Live-service games, conceptually, are the antithesis of short games. They’re supposed to last forever, and that’s probably one reason they’ve become so popular. They represent, in terms of raw expenditure – that is, dollars spent versus hours of game – a good return on investment. But in the last few years ‘live service’ has become a red-flag term. It has connotations of predatory monetization. It signals to expect constant updates that balance away all the fun. If remakes are in vogue right now, it’s because people want the more contained, finite games that used to comprise the mainstream.

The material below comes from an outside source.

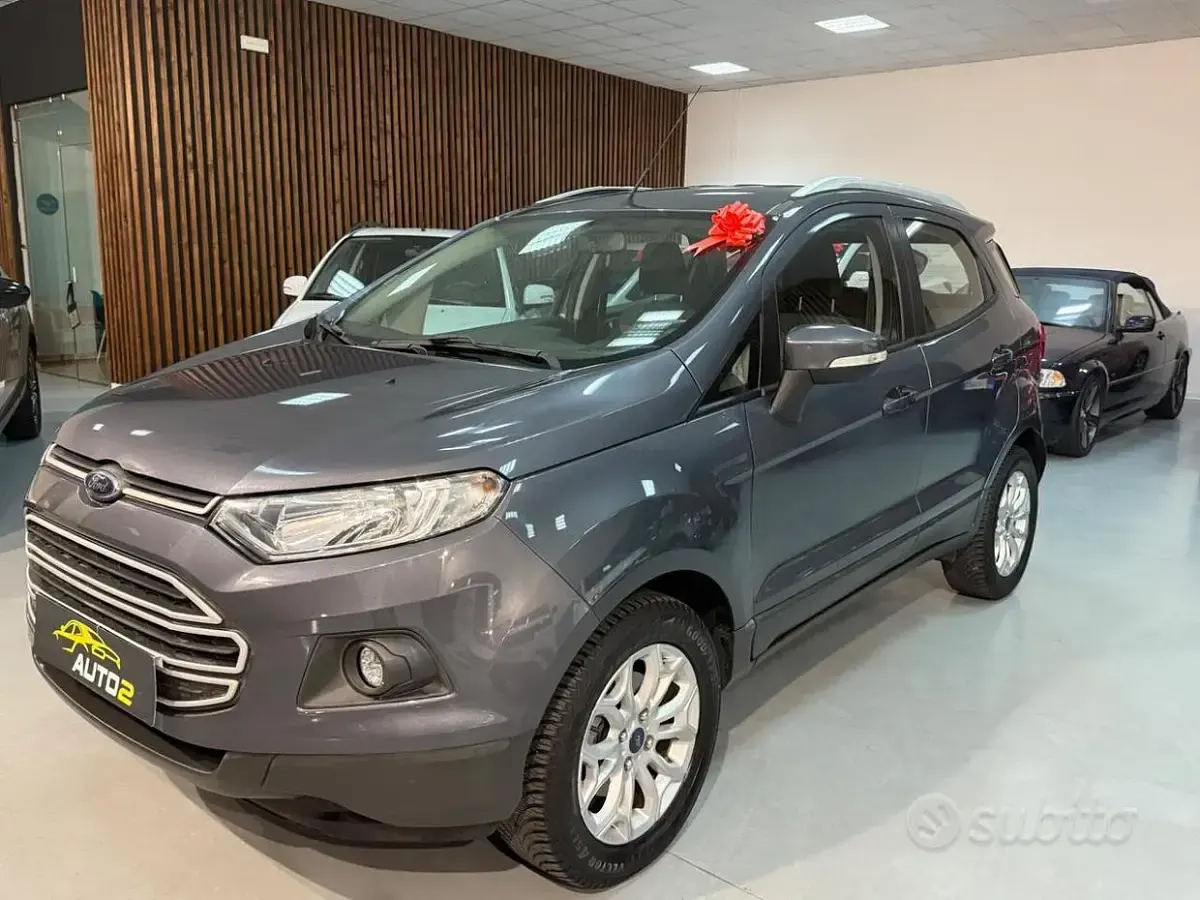Usado Ford Ecosport 95 CV (69 kW) 2016 Gris SUV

Everyone’s sick of games that, by definition, don’t go anywhere.

Crowbar Collective’s background is in focused, tightly designed FPS games – perhaps the most focused and tightly designed of them all. After years in development, in 2020 the team released the finished version of Black Mesa, its complete, top-to-bottom remake of Valve’s superlative Half-Life. But not content with just rebuilding the 1998 shooter, Crowbar went one further, surpassing the House of Gaben by completely reinventing the dreaded Xen levels and making them actually good.

At first, Crowbar Collective was a team of volunteers. Thanks to the huge success of Black Mesa, it’s become a codified development studio with 16 full-time staff and a retinue of contractors. Its next project, however, might come as a surprise. If you asked anyone ‘what kind of game do you want to see next from the people that did Black Mesa?’ just a year ago, the majority would say something single-player, campaign-focused, and probably not that dissimilar to Half-Life. On the surface, Rogue Point is antithetical to Crowbar Collective’s burgeoning identity, the kind of game that plays against the studio’s strengths. It’s co-op. It’s a roguelite. It’s live service.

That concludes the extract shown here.